Regardless of the criteria that make it up, a visitor segment is only relevant if it can be exploited. There are three parameters to consider:
- His value : The value of a segment will be high because it is strategic for your business or because it is made up of visitors with high added value (high purchase frequency, average basket, etc.) or because analysis shows that its potential for improving conversion gain is strong;
- Its volume: does the identified segment represent a significant part of your audience? If you increase your conversion rate by 20% on a visitor segment which represents only 0.2% of your total audience, this ultimately only represents an increase of 0.04%;
- Its feasibility : is it possible to collect data to identify this visitor segment? Difficult to identify, for example, an unregistered visitor who first visited your website via their smartphone before visiting your site again on the desktop.
4. Set up its segmentation
We differentiate two scenarios: either we already know its visitor segments, or we want to discover new ones.
- You already know which segments you want to target: A personalization solution will allow you to “manually” build your segments by crossing the different qualification criteria: behavior of your visitors, context of the visit, source of traffic, type of terminal. A good solution will even provide you with “ready to use” segments with common purchasing characteristics (loyal, cart abandoners, etc.) or digital behavior (also called “buyer persona”: smart, stingy, dissatisfied, etc.) that can save you precious time.
- You want to identify new segments: How do you know if you’ve already identified the most promising segments and those with the greatest margin for improvement in conversion? Your customization solution, if it includes an automatic segment discovery module, will meet this challenge. It crosses all the visitor criteria to identify the segments that outperform and those that underperform compared to the conversion average. In short, it shows you the optimization opportunities.
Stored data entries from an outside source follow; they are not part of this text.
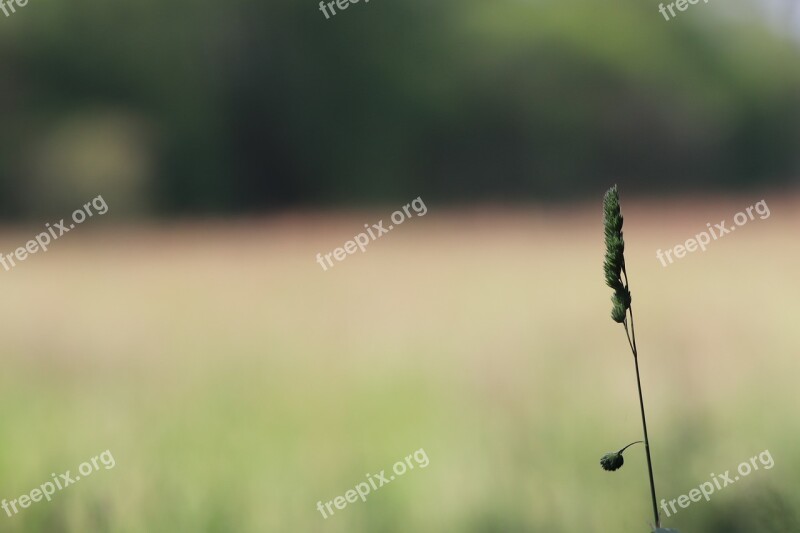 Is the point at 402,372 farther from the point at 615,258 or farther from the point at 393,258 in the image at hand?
the point at 615,258

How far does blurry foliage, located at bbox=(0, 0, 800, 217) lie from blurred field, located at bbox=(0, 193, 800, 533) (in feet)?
0.23

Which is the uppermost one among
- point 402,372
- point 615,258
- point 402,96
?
point 402,96

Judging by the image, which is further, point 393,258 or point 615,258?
point 393,258

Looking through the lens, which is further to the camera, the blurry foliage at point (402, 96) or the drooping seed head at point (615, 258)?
the blurry foliage at point (402, 96)

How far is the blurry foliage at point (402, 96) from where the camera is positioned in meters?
1.25

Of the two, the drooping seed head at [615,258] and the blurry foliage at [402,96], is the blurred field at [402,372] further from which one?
the drooping seed head at [615,258]

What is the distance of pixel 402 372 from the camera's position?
1.28m

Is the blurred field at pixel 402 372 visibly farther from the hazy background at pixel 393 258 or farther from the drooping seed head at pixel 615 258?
the drooping seed head at pixel 615 258

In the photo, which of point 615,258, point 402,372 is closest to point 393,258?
point 402,372

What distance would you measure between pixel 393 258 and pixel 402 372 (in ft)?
0.68

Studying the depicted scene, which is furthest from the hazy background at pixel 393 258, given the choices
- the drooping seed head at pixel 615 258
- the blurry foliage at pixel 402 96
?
the drooping seed head at pixel 615 258

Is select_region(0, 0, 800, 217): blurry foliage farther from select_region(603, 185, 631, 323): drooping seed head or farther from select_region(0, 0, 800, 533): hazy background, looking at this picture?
select_region(603, 185, 631, 323): drooping seed head

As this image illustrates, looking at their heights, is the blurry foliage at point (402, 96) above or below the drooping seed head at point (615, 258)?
above

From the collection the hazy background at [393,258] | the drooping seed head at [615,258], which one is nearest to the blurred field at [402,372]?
the hazy background at [393,258] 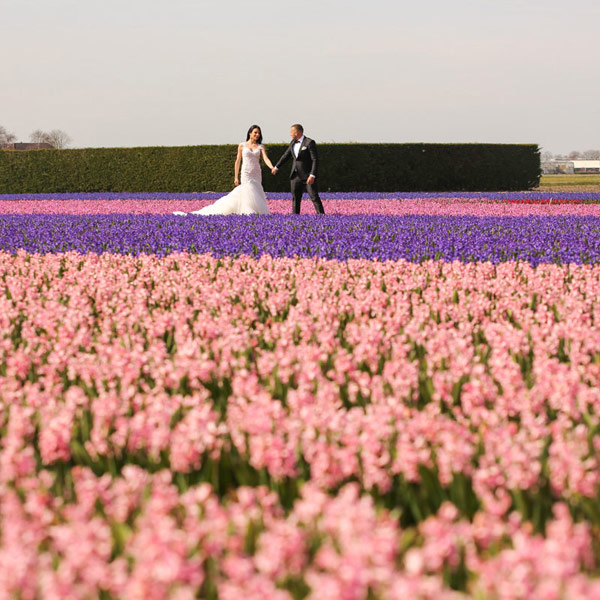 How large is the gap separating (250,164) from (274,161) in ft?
58.2

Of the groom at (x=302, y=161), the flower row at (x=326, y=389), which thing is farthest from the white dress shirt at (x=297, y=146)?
the flower row at (x=326, y=389)

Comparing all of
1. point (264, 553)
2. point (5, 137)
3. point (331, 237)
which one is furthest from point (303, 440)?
point (5, 137)

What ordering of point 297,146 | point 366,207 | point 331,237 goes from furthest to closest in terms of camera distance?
1. point 366,207
2. point 297,146
3. point 331,237

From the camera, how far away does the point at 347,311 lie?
6.32 metres

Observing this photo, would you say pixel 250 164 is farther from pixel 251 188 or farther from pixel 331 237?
pixel 331 237

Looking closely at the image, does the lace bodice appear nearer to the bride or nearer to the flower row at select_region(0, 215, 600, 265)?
the bride

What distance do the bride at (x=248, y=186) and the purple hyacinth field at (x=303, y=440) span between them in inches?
341

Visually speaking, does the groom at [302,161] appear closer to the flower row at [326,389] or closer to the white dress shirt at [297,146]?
the white dress shirt at [297,146]

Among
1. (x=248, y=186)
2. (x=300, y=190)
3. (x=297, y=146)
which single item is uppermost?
(x=297, y=146)

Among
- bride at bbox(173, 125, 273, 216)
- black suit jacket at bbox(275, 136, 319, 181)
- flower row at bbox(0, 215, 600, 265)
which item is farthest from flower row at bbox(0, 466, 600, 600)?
bride at bbox(173, 125, 273, 216)

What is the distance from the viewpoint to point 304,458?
3131 mm

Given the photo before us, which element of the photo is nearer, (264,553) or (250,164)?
(264,553)

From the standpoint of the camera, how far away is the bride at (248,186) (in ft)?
53.6

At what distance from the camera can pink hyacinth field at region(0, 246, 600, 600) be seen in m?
2.00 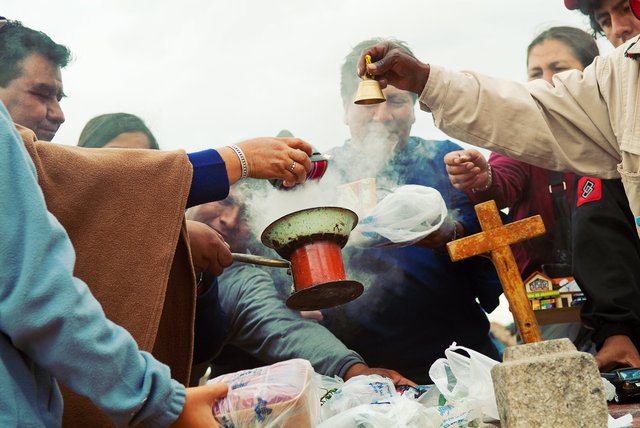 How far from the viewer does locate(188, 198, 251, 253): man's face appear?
14.0 ft

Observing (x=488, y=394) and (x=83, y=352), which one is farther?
(x=488, y=394)

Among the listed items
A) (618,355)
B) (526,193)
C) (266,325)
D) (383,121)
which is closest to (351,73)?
(383,121)

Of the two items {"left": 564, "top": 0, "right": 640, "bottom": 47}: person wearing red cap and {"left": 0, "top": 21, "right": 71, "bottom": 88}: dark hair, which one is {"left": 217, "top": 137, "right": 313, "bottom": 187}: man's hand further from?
{"left": 564, "top": 0, "right": 640, "bottom": 47}: person wearing red cap

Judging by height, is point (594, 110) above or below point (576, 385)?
above

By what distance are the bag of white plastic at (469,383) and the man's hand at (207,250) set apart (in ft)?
3.94

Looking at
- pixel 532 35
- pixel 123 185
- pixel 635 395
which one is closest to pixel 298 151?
pixel 123 185

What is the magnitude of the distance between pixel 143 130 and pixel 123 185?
2192mm

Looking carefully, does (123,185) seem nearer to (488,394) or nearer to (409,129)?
(488,394)

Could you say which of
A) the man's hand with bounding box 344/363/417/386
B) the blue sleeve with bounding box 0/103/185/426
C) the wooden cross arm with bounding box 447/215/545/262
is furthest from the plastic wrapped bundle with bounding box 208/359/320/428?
the man's hand with bounding box 344/363/417/386

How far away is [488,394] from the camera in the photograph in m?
2.58

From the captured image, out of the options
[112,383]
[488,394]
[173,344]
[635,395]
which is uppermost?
[112,383]

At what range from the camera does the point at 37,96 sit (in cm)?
406

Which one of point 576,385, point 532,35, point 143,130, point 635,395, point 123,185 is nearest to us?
point 576,385

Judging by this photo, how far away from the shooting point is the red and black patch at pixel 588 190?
4.03 m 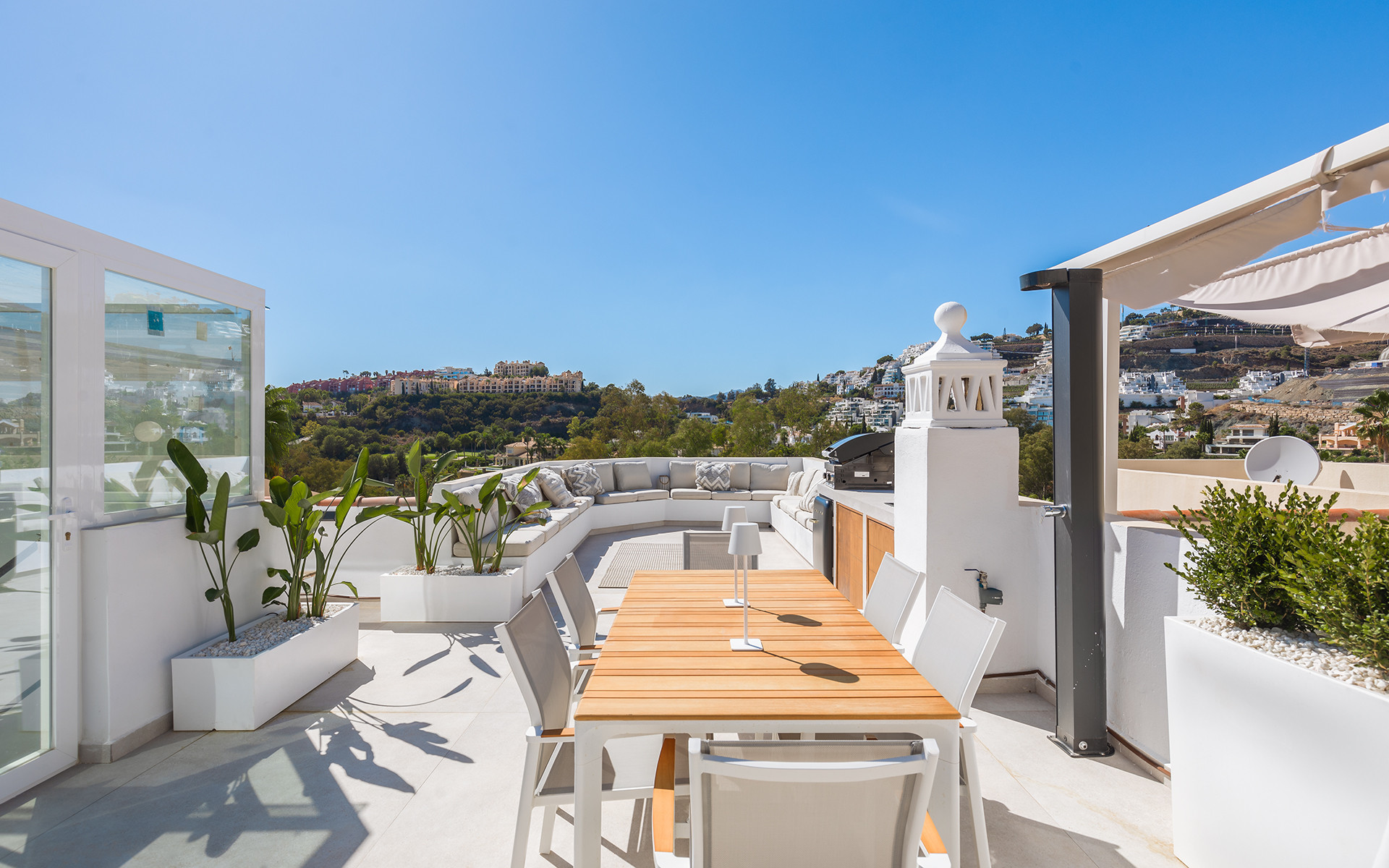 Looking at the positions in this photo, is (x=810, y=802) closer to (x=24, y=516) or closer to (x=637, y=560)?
(x=24, y=516)

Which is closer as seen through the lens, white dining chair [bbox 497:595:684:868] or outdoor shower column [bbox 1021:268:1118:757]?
white dining chair [bbox 497:595:684:868]

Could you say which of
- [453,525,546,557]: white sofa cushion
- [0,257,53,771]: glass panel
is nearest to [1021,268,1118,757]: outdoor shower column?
[453,525,546,557]: white sofa cushion

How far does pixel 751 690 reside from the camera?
1.48 m

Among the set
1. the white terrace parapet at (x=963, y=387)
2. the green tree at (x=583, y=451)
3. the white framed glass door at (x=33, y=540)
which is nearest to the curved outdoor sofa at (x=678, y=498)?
the green tree at (x=583, y=451)

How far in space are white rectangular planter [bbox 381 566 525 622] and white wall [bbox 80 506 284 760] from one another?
1306 millimetres

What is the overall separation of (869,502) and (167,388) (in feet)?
13.0

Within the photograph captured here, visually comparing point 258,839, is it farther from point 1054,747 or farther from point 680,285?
point 680,285

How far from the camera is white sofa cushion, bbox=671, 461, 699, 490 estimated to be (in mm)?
9102

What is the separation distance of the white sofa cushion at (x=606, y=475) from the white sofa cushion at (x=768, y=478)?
2.07 meters

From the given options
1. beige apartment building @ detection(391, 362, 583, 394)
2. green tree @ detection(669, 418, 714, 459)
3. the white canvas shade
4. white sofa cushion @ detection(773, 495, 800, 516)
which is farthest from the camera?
beige apartment building @ detection(391, 362, 583, 394)

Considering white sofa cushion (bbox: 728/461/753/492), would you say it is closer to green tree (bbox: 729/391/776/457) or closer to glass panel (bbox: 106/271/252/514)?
green tree (bbox: 729/391/776/457)

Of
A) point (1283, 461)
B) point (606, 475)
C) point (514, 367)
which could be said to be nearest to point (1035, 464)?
point (1283, 461)

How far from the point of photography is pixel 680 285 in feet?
66.9

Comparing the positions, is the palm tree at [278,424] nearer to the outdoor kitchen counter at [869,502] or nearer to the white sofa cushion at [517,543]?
the white sofa cushion at [517,543] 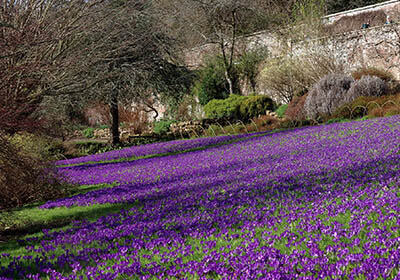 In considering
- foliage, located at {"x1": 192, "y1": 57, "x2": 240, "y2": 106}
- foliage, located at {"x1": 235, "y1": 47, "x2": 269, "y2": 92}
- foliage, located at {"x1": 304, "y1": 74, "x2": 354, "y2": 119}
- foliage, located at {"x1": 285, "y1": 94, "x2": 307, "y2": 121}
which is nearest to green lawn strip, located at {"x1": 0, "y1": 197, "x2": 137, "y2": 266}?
foliage, located at {"x1": 304, "y1": 74, "x2": 354, "y2": 119}

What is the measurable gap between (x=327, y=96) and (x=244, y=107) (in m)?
5.71

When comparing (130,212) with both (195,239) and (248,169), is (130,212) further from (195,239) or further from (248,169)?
(248,169)

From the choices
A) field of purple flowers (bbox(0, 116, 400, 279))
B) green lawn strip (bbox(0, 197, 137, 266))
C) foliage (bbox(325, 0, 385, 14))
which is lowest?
green lawn strip (bbox(0, 197, 137, 266))

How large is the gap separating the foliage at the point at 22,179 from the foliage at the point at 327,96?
12.5 m

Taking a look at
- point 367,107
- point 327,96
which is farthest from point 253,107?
point 367,107

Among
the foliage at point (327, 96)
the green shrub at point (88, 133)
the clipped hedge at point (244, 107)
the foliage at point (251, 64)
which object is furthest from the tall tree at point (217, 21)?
the foliage at point (327, 96)

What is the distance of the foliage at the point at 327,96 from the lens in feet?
59.4

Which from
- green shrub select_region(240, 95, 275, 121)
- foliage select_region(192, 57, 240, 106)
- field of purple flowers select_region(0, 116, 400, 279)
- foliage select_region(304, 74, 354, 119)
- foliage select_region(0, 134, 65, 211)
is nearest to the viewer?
field of purple flowers select_region(0, 116, 400, 279)

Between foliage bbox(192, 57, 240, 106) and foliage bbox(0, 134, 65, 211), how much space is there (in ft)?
68.0

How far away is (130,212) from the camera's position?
5.84 m

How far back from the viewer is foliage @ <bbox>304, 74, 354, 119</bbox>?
18109 mm

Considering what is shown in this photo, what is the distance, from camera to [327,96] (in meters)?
18.2

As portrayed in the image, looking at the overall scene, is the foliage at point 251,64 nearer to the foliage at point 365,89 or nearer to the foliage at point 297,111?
the foliage at point 297,111

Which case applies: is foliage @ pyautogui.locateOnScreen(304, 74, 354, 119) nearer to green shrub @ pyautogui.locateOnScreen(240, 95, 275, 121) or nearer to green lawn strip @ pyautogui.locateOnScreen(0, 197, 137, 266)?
green shrub @ pyautogui.locateOnScreen(240, 95, 275, 121) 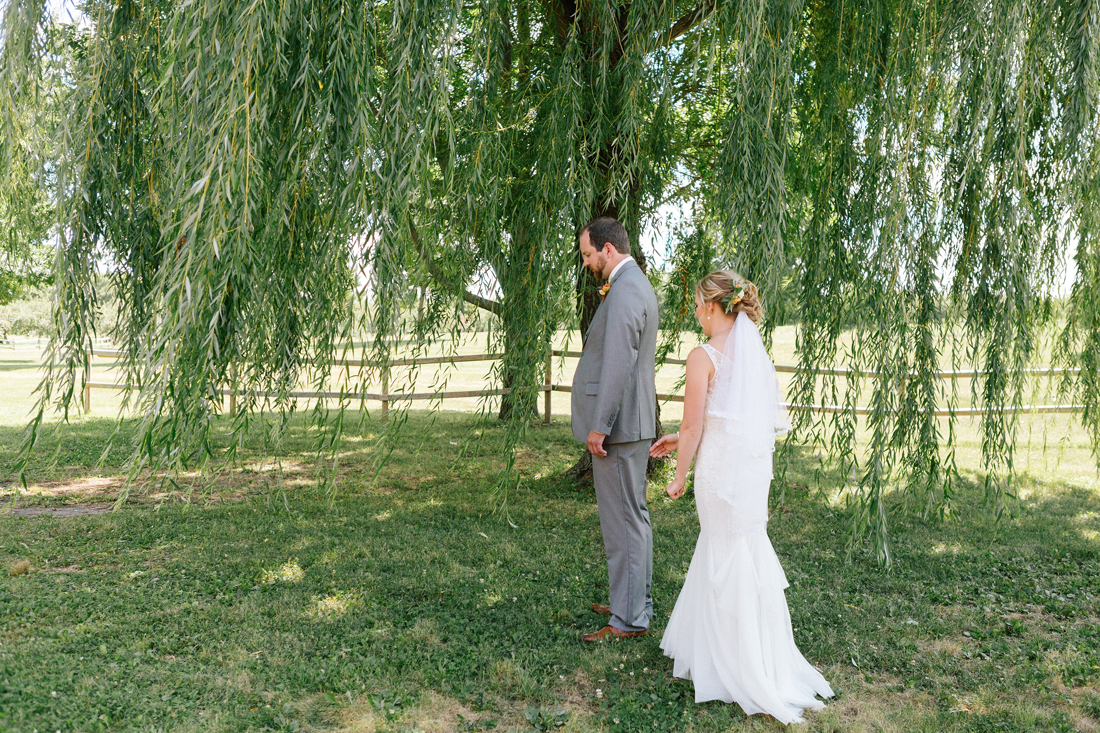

Beyond that, you can also rely on predictive algorithms for situations where it is impossible to identify a segment by the multiplicity of the criteria which compose it or because the criteria composing this segment are by nature indefinable (for example those of “undecided” visitors). In this case, machine learning can take over; by learning about similar behaviors, it allows to push a personalized experience only to those likely to be in the right target. The role of the predictive engine will then be to choose the “best customers”, that is to say those who will ensure you the highest margin. In a way, you can delegate complexity and volume to the algorithms and focus on your business and your strategy.